È in questa collisione che il film prende corpo: non come cronaca di un’ennesima commedia familiare, ma come riflessione filosofica sulla condizione dell’uomo, costretto a misurarsi con la più inevitabile delle appartenenze — quella familiare. La famiglia: gabbia e rifugio, dono e condanna, invadenza e consolazione. Nessun luogo più della famiglia sa insieme frantumare l’illusione di libertà e restituire il senso stesso del vivere. “Stavo così bene, la famiglia ti frega” potrebbe essere la sintesi amara di un personaggio che si ritrova a sacrificare la sua ordinata felicità privata per rientrare nel disordine collettivo dell’amore.
Di Gregorio costruisce una narrazione in cui ogni gesto diventa segno: l’arrivo dei nipoti incrina i rituali, interrompe il silenzio, destabilizza l’ordine. Eppure proprio questa rottura spalanca una dimensione nuova: la scoperta che l’amore, pur nella sua componente di dolore e rinuncia, è l’unica esperienza capace di strapparci alla sterilità dell’autoconservazione. L’affetto, che grava come peso insopportabile, si rivela anche possibilità di trascendenza quotidiana: l’eroismo del prendersi cura, il sacrificio che diventa prova di esistenza.
Il film, sotto l’apparente leggerezza narrativa, mette in scena un confronto tra nostalgia e inevitabilità. Nostalgia di una vita silenziosa, autarchica, sottratta alle invasioni degli altri; inevitabilità di legami che si impongono come destino. È anche un discorso sull’irrecuperabilità: non si torna indietro una volta che il mondo entra nella nostra casa, non si cancella il rumore dopo che ha spezzato il silenzio.
L’opera, con la sua consueta ironia gentile, parla però anche di altro: del tradimento e del perdono, del desiderio e della responsabilità, dell’importanza della cultura come sguardo critico sulla vita (che siano i Longobardi evocati con leggerezza o i fantasmi della storia che ci accompagnano).
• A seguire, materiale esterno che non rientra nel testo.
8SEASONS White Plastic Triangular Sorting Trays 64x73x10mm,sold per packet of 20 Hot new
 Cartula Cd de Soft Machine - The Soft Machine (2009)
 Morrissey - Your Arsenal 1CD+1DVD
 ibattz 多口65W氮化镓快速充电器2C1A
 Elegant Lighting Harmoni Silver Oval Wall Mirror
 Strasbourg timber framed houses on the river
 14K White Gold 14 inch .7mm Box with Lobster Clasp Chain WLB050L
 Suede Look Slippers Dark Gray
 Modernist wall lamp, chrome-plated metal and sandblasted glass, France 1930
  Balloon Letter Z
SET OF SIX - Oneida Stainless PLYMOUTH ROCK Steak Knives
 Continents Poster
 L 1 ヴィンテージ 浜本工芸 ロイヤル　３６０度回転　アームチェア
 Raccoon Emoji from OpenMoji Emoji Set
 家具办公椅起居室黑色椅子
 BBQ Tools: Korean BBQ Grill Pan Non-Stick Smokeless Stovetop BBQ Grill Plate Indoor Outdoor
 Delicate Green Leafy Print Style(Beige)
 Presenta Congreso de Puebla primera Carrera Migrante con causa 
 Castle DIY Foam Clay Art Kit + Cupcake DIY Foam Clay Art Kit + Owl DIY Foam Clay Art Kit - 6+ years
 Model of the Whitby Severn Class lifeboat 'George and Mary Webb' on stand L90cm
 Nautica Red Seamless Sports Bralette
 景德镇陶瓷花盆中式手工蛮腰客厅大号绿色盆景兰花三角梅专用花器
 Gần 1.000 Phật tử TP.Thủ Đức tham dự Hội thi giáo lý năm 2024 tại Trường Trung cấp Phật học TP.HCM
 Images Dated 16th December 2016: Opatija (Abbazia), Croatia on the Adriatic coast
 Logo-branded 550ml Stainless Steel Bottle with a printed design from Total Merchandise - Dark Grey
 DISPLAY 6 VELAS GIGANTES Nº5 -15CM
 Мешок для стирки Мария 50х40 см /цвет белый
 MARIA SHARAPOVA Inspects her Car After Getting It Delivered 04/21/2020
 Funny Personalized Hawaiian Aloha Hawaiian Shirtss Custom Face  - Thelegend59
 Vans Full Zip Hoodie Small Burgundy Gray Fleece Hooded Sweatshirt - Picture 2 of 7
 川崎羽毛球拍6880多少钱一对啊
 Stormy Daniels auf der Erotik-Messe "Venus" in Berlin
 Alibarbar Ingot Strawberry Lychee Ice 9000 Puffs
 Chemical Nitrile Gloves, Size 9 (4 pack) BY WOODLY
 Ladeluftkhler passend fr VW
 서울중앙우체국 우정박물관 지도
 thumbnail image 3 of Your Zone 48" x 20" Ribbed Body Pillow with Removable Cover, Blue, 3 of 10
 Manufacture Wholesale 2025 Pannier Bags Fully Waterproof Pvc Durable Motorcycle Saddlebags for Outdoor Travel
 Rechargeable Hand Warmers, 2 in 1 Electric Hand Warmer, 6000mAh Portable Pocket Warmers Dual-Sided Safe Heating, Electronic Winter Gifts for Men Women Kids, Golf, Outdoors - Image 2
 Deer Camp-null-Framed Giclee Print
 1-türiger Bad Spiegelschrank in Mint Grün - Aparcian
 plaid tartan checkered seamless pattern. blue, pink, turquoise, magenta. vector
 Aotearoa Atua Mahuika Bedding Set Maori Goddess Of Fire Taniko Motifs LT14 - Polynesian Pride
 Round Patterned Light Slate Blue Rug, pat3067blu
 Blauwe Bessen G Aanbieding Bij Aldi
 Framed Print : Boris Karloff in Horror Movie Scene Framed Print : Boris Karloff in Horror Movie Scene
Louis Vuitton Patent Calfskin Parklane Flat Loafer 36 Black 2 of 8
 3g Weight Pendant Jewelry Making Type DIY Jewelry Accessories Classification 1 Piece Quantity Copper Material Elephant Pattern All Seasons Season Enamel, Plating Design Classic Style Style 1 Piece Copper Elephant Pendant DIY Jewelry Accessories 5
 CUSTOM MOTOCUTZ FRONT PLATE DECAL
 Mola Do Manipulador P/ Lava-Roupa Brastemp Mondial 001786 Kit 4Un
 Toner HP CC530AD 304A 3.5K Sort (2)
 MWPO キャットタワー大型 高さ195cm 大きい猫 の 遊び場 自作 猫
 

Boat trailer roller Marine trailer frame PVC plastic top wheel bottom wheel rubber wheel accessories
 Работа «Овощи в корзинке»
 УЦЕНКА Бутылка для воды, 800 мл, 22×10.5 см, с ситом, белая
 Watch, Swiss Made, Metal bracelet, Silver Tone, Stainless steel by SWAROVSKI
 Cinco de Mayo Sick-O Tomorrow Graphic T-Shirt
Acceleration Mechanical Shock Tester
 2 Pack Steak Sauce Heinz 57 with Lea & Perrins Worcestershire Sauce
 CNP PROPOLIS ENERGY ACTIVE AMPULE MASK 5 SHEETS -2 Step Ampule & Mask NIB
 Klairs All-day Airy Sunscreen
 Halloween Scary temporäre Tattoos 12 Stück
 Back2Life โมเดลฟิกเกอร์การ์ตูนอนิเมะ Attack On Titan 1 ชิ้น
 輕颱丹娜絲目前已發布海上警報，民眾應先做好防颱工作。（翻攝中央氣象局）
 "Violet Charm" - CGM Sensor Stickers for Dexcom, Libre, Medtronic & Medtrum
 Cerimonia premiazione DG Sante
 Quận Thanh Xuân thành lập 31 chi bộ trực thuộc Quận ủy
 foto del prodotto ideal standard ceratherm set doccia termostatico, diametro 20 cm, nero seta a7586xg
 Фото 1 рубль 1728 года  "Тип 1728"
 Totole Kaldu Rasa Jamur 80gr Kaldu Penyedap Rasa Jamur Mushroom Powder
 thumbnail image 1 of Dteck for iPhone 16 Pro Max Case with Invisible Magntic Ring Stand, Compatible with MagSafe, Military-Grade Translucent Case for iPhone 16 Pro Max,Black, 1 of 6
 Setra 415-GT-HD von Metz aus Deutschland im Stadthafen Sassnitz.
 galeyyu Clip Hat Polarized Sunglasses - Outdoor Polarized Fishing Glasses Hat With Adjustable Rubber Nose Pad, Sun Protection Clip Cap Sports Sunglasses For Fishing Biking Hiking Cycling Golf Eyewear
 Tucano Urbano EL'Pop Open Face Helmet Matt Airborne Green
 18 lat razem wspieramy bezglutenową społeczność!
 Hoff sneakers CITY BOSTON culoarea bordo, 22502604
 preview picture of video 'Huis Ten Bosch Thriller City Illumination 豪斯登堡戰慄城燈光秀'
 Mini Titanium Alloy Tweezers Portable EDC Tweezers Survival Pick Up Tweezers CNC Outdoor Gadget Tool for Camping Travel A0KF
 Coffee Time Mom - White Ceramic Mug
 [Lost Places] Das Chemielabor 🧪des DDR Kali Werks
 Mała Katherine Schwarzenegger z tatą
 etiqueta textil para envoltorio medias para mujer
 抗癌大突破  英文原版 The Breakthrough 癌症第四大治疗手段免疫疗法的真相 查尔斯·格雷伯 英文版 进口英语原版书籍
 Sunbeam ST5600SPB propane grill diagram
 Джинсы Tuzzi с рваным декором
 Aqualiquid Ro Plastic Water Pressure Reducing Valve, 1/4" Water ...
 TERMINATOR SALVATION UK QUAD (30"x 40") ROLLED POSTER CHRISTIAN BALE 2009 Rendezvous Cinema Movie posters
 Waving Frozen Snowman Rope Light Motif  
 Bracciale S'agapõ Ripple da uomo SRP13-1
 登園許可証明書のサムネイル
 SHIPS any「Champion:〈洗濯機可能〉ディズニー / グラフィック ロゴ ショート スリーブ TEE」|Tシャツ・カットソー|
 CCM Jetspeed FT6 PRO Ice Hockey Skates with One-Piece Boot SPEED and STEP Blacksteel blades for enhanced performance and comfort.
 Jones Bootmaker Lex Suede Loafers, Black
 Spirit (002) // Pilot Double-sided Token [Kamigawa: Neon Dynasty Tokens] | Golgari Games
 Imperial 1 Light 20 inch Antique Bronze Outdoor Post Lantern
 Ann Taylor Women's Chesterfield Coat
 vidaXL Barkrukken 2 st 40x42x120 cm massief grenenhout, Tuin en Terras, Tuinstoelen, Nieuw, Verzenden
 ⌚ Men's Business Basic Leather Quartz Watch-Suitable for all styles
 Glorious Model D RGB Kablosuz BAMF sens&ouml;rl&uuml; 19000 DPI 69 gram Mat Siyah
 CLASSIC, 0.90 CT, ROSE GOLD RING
La cultura appare come il contrappeso fragile a cui aggrapparsi quando la realtà personale traballa.
Come ti muovi, sbagli diventa così una parabola sulla condizione umana: sulla solitudine che può essere scelta ma raramente concessione duratura; sull’amore che illude e ferisce ma che continua a imporsi come prospettiva di senso; sul tradimento e sul perdono, sulla responsabilità e il desiderio. Sulla famiglia come paradosso di compagnia e limite, radice e vincolo.
Il concetto di delusione è centrale: quanto gli altri possono deludere la nostra poesia e la nostra visione delle cose e quanto noi possiamo deludere le aspettative altrui.
Una finestra sulle abitudini, la necessità dei rituali e per alcuni dell’ordine e del silenzio. In questa oscillazione tra conforto e oppressione, tra caos e nostalgia, il film trova il suo respiro esistenziale: la conferma che non esiste una vita completamente sottratta agli altri, e che ogni tentativo di salvarsi da essi è, forse, destinato a fallire.
E tuttavia, nella sottile e dolorosa ironia della vita, si percepisce anche un altro nucleo di verità: spesso salvare se stessi, ritirarsi dalle trame altrui e dagli obblighi imposti dal legame, può rivelarsi più produttivo e autentico che essere condannati a vivere intrappolati nel flusso incessante degli altri. La libertà scelta, anche se segnata da isolamento e silenzio, diventa allora l’unico terreno in cui il soggetto può riappropriarsi della propria esistenza, dove la serenità non è concessione, ma conquista fragile e consapevole.
La solitudine è la compagnia di chi sa stare con sé stesso."